Ferriola sees the scrap market as flatline on prices for the rest of the year. “Right now, iron ore pricing – it fluctuates a little bit, but it’s been relatively stable also. If there’s a dramatic change in iron ore pricing, it might have the reflection and scrap pricing, but we just – we don’t see that at this time.”

Some scrap collection processing facilities will not make it through these challenging times, said Ferriola, and Nucor will “keep an eye out for assets that become available.” He added, “When they make sense, they fit into our strategic plan for our raw materials, if the locations are right, if pricing is right. I’ll tell you what, we won’t be shy, we’ll be at the table.”

Ferriola noted, “It’s not during the downturn where you see the greatest pressure on these smaller companies, but actually during the upturn, when they have to start replacing inventory. When you’re depleting inventory, you generate cash. When you have to replace inventory, you’re burning through cash. And sometimes, that can be more challenging.”

When questioned about the profitability of the DRI plant in Louisiana with pig iron at $250, Ferriola said Louisiana would be cash positive at those levels but considers $250 as unsustainable.

“However, beside all of that, we said from the beginning when we talk about the DRI project that over the course of the cycles, there’s going to be times when we get singles, times when we bunt, and sometimes when we get grand slams,” he said. When pig iron returns to normal levels, Nucor expects very good returns on its DRI investments.
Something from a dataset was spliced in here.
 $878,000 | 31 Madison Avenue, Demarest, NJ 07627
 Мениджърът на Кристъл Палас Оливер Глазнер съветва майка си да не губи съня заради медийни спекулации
The million dollar question was why hasn’t there been a price raise announcement? An analyst on the call alluded to a service center that said they would be receptive to a price increase (see SMU’s Reliance Steel article).

“If there is a service center than wants some tons from us guaranteed at a higher price, send them our way,” said Ferriola.

“We said couple of times during the course of the call, that this is probably a transitional quarter,” he continued. “So, we might see something this quarter, but I would ask you to remember that there’s still a tremendous amount of imports that are in the pipeline, that are along their way here to the United States. So, that continues to put pressure on pricing. As I said, we’ll listen, we are not opposed to selling steel at a higher price, we like to do that, but we also have to take care of our customers, maintain our market share, all of those factors that we spoke about, earlier in the call.”